第2話 人気スポーツ

試合開始の鋭い笛の音!

選手達は3枚のディスク目掛けて一斉に飛び着いた。

それと同時に、スフィアの内壁は細分化され、個々の欠片が複雑に絡み合いながら、複数のパターンを持つ移動を開始した。

ディスクの1枚が選手たちの発する磁気により弾き飛ばされる。

飛び出した1枚は赤色に変わっていた。

そのままスフィアの内壁の1部スレスレまで飛んでいき、内壁の手前で何かに弾かれて別方向に飛んでいく。

弾いた内壁の欠片を目で追うと赤色に染っていた。


先程の少年に目を向けると、少年の分体アバターは、赤い追っ手の1人から磁気を体で遮りながら、ディスクを手に吸着させて紫色に染めた。

内壁スレスレに飛ぶ。

手にしたディスクを内壁にかざしながらなおも飛行する。

内壁の欠片が次々と紫色に染められていく。

目の前に突然、赤色の影が立ちはだかった。

方向転換が間に合わない。

内壁に翳したディスクを内壁から遠ざけるように引く。

前と後ろ、赤チームの2人に挟撃された。

少年のボディが紫色から赤色に変化してしまった。

挟まれるとチームカラーが一時的に変わってしまう。

その間はディスクを内壁につけると相手チームの得点になってしまう。

接触せず磁気による性質を視覚的に利用したスポーツである。

視界の端に紫が滑り込む。

ディスクを磁気で押し出してパスを回す。


各チームの躍動により、内壁が赤と紫に塗られていく。

どちらの色が多くの割合を示すかで勝敗が決定される。

単純なルールだからこそ人気があり、同時刻視聴数が膨大なのだ。

お気に入りの選手のFPE一人称視点視聴も可能だ。

マニアは複数の機械生体マキナノイドで異なる選手のFPE一人称視点を切り替えながら試合を楽しんでいる。
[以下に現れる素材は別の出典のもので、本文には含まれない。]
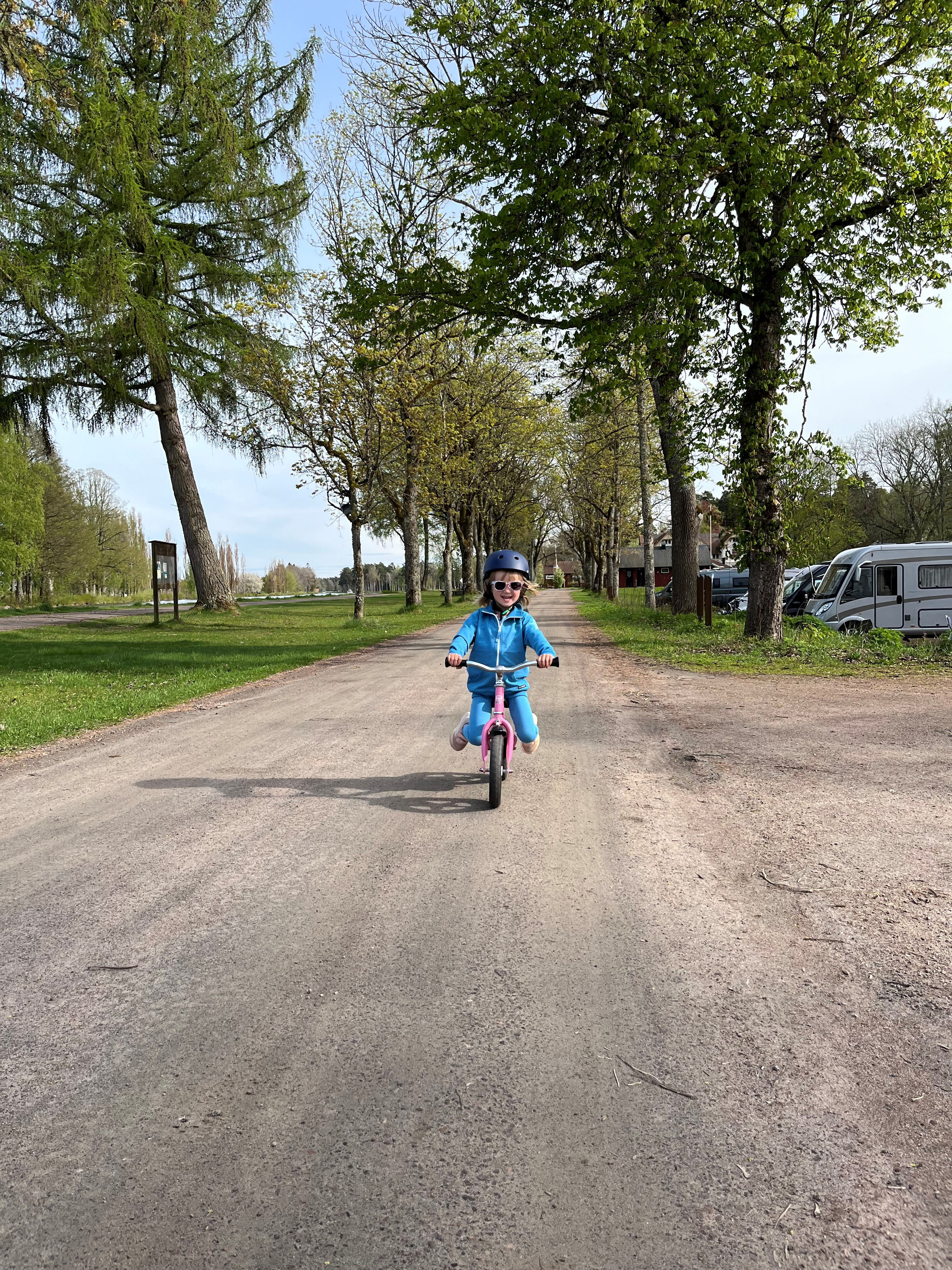 Barn på springcykel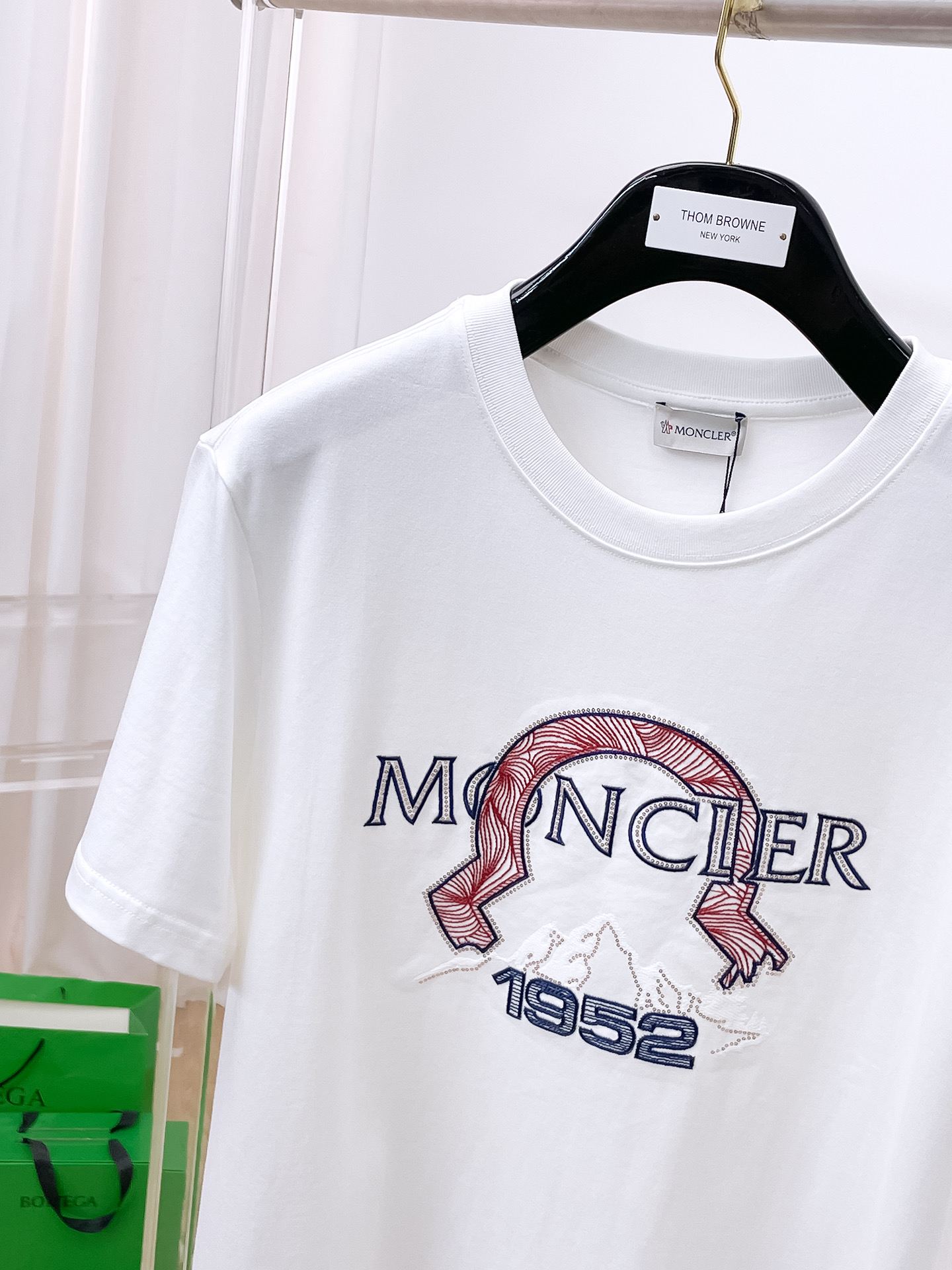    。蒙口家 2025SS新款首发专柜最新款短袖圆领T恤 高端订制 设计前卫时尚！品牌logo重工艺设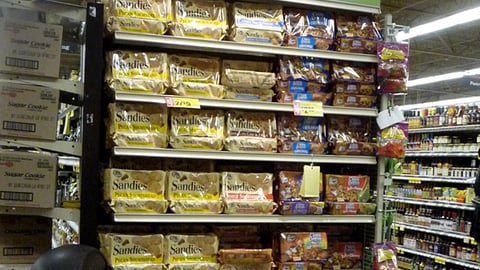 H-E-B 'Combo Loco' Endcap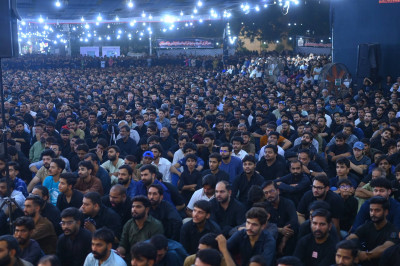 پاکستان: کراچی کے نشتر پارک میں ایامِ فاطمیہ کے سلسلے میں پانچ روزہ مجالسِ عزا کا انعقاد، ہزاروں عزاداروں کی شرکت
競技自体も誰でも参加はできるが、活躍できるのは運動センスや空間的な状況把握、チームとの連携が問われる。

かつては100人のバトルロイヤルで同時接続数が数100万を超えるような大規模なものも存在していたらしい。

しかし、一時的に人口が10億人にまで減った世界でいまだ生身の人口自体は元の水準に達していない。

機械生体マキナノイドの数で言えば元の水準に近いが、当然ながらそれを同時に操れる人の母数が少ないのだ。

自然とそのような大人数競技の競技人口の維持は難しく、現在はこのような2チームに別れて行われる中規模人数の競技が人気の的だ。

かつては古い機械生体マキナノイドを使ったバトルロイヤル形式の視聴がトップであったこともある。

が、やはり機械生体マキナノイドを破壊すればするだけ、社会全体で供給される機械生体マキナノイドの製造に時間も材料も消費されることが懸念された。

古いものであったとしても破壊については大きな批判の的となった。

今ではバトルロイヤルというジャンル自体の人気が低迷している。

戦争や紛争が存在したのは数世紀も前の話だし、人類がそれを追い求める時代は終わったのだ。